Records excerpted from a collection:
_ _ _ _ _
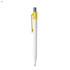 A white plastic pen with a yellow clip and top, featuring a shiny silver tip. Includes a brand logo.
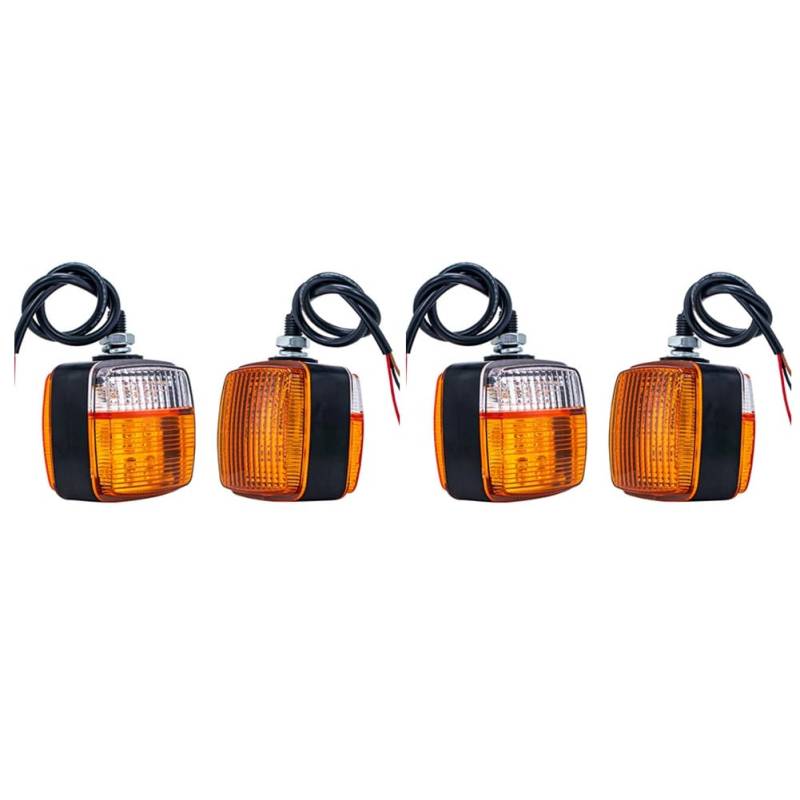 Remingtape 4X Gabelstapler-Blinker LED Doppelseitiges Kleines Licht 12V Quadratisches Abbiegelicht Standlicht Rückfahrlicht von Remingtape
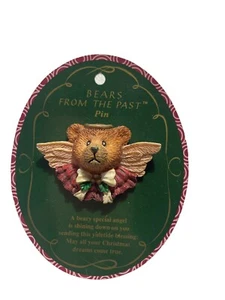 Vintage Russ Berrie Beary Special TEDDY BEAR Christmas Past Angel Pin 1980s New - Picture 1 of 3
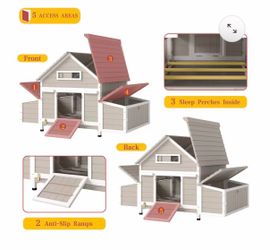 Large Expandable Chicken Coop with 6 Nesting Boxes & Run Ready-PET86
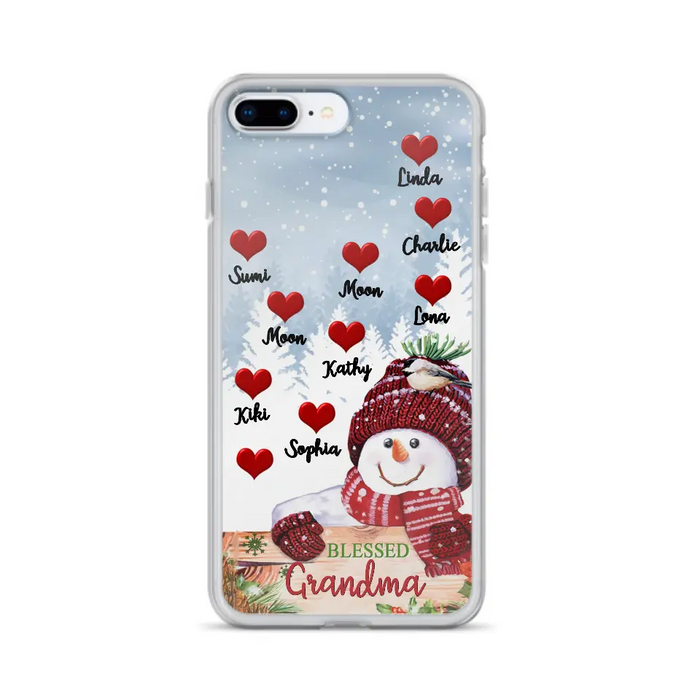 Personalized Snowman Grandma Phone Case - Christmas Gift Idea For Grandma - Up to 10 Kids - Case For iPhone/Samsung - Blessed Grandma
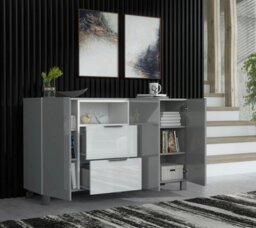 Furneo Sideboard Grey White High Gloss Matt Cabinet Cupboard Unit Blue Led Lights Enzo 16 - thumbnail 4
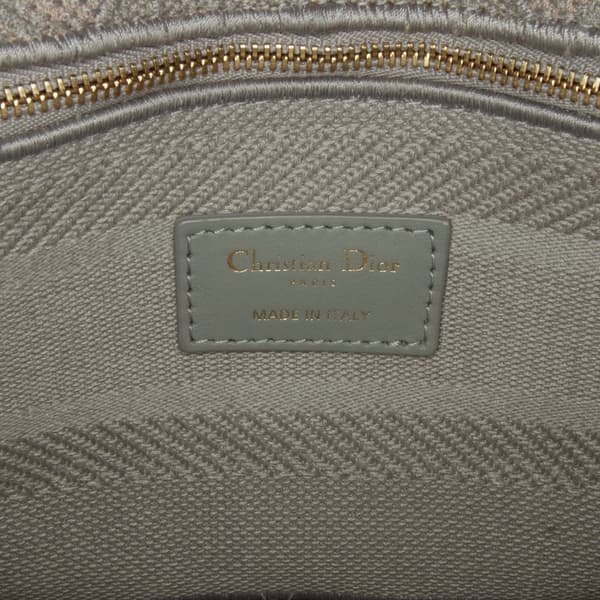 Pre-owned Dior Medium Canvas Cannage Lady D Lite Gray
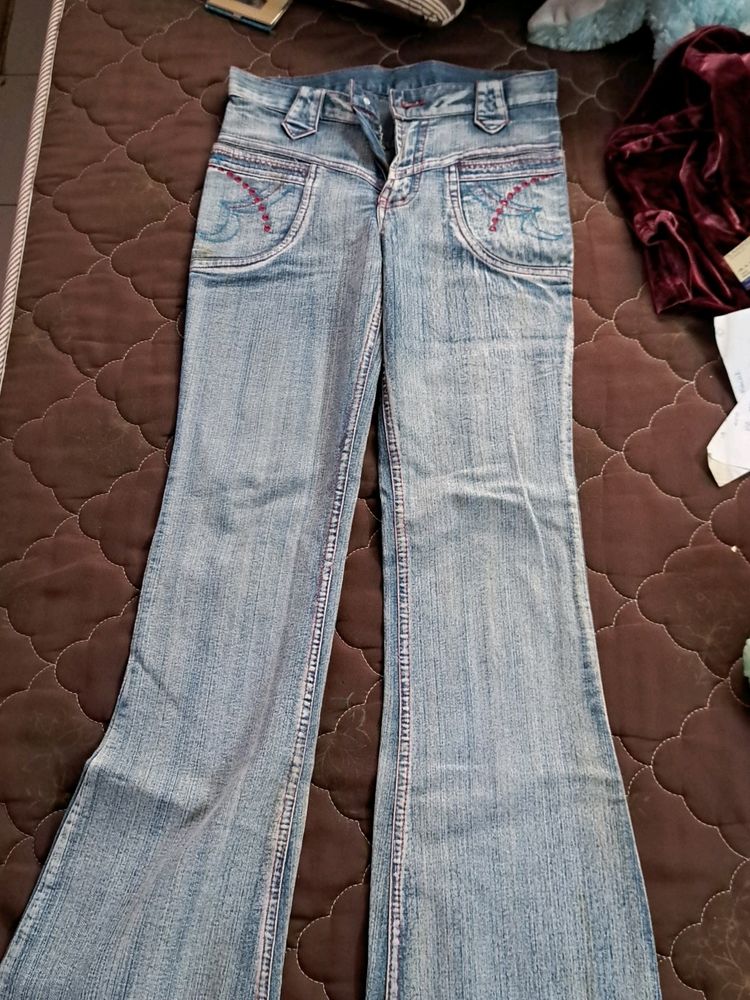 Denim Blue 90s Jean&#39;s Wirh Pink Thread Work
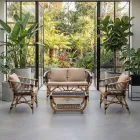 Salon de jardin en rotin naturel avec coussins inclus - Catelyn Viadurini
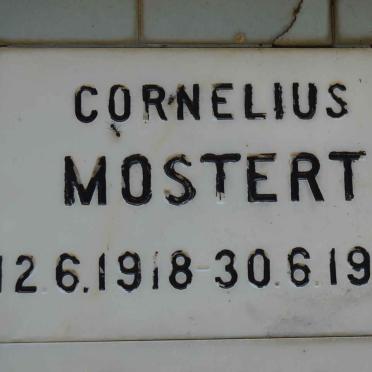 MOSTERT Cornelius 1918-1984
_ _ _ _ _
— Work task —
Exactly as written, restate the lines from the one that contains "Large Expandable Chicken" through the final line of the data, both ends included, but leave out the pictures.

— The answer —
 Large Expandable Chicken Coop with 6 Nesting Boxes & Run Ready-PET86
 Personalized Snowman Grandma Phone Case - Christmas Gift Idea For Grandma - Up to 10 Kids - Case For iPhone/Samsung - Blessed Grandma
 Furneo Sideboard Grey White High Gloss Matt Cabinet Cupboard Unit Blue Led Lights Enzo 16 - thumbnail 4
 Pre-owned Dior Medium Canvas Cannage Lady D Lite Gray
 Denim Blue 90s Jean&#39;s Wirh Pink Thread Work
 Salon de jardin en rotin naturel avec coussins inclus - Catelyn Viadurini
 MOSTERT Cornelius 1918-1984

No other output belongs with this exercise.